Difference-in-Differences (DiD)¶

Difference-in-Differences is a statistical technique used to estimate causal effects in quasi-experimental designs. It's particularly useful when randomization isn't possible.

When to Use DiD¶

✅ Good use cases:

Policy changes that affect some regions/groups but not others
Feature rollouts to specific user segments
Natural experiments (e.g., regulatory changes)
Historical data analysis where you can't randomize

❌ Not appropriate when:

You can run a proper randomized A/B test
The "parallel trends" assumption is clearly violated
There's no good control group

The DiD Formula¶

The DiD estimator removes time trends that affect both groups:

DiD = (Treatment_post - Treatment_pre) - (Control_post - Control_pre)
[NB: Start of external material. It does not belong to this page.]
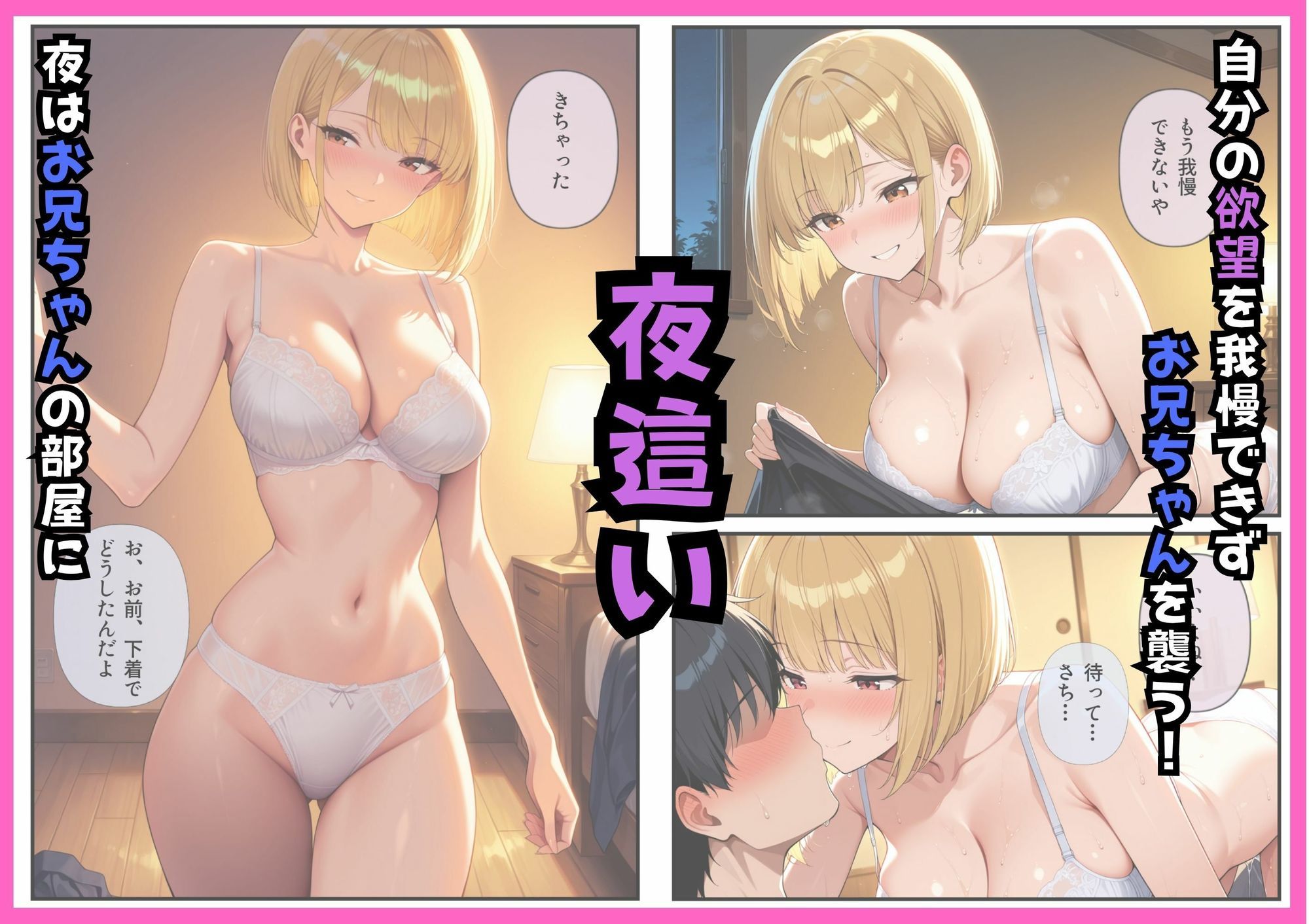 俺のことが好きすぎる妹に襲われたので中出し孕ませセックスをする！ サンプル4ページ目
This isolates the treatment effect by subtracting out the natural trend observed in the control group.

Conversion Rate DiD¶

Basic Example¶

from expstats import conversion

# You launched a new feature to West Coast users
# East Coast users serve as the control group

result = conversion.diff_in_diff(
    # Control (East Coast) - no feature
    control_pre_visitors=10000,
    control_pre_conversions=500,     # 5% before
    control_post_visitors=10000,
    control_post_conversions=525,    # 5.25% after (natural trend)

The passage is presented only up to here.